A ampliação da terceirização de mão de obra é um verdadeiro retrocesso. Tratase da precarização dos direitos trabalhistas, com redução de salários e conquistas. Em última análise, uma pá de cal na CLT ( Consolidação das Leis do Trabalho).

Os dados não mentem: os terceirizados recebem salários em média 27,1% menores dos que os trabalhadores regulares, segundo o Dieese. São as maiores vítimas de acidentes e mortes nos locais de trabalho e têm menos proteção social que os mais de 40 milhões contratados pela CLT.

São aproximadamente 12,5 milhões de trabalhadores terceirizados que atuam numa espécie de limbo trabalhista, como se fossem cidadãos de segunda classe ou mera peça com preço de mercado, transitória e descartável. O PT é contra o PLC 30/ 2015 porque fere princípios fundamentais de solidariedade e valorização humana.

A aprovação da terceirização ampla e irrestrita ameaça a competitividade do Brasil, aumenta a desigualdade social e torna mais frequentes os acidentes e mortes no trabalho. Os terceirizados são discriminados, a começar pelo próprio ambiente de trabalho.

Nos tempos modernos, terceirização é atraso, é um desrespeito às conquistas civilizatórias. Precisamos de uma legislação específica que proteja os terceirizados e não amplie o desrespeito trabalhista a eles impingido.

A terceirização, inicialmente, visava a resolver problemas colaterais das empresas, em setores como portarias, limpeza, segurança. Essa prática continua, seguramente, embora tenhamos que atualizar a lei para que esses trabalhadores tenham mais direitos.

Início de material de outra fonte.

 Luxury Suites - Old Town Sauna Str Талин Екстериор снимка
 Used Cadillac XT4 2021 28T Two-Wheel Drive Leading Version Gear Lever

Mas estender a situação precária deles para o conjunto dos trabalhadores é aviltante, um retrocesso histórico.

Há propostas em tramitação, na Câmara, elaboradas em conjunto com o movimento sindical, organizadas a partir da Central Única dos Trabalhadores ( CUT), para que não tenhamos retrocessos; ao contrário, a necessária segurança jurídica para um trabalho decente, com igualdade de direitos, proibição da terceirização na atividade- fim, a responsabilidade solidária e a penalização das empresas infratoras. São precondições para se combater a precarização.

O fato é que o PL sob análise no Senado é rechaçado pela maioria das centrais sindicais, dos ministros do Tribunal Superior do Trabalho ( TST), pela Associação Nacional dos Magistrados do Trabalho ( Anamatra), pelo Ministério Público do Trabalho e advogados trabalhistas.

Precisamos aprofundar o diálogo entre os diferentes setores, para avançarmos rumo a uma legislação que assegure direitos aos terceirizados. Retroceder, nunca. Em pleno século XXI, devemos combater posturas arcaicas com uma legislação moderna que assegure direitos aos terceirizados. É inconcebível aprovar uma legislação que não amplia direitos de quem os tem precarizados e prejudique os que os têm assegurados pela CLT.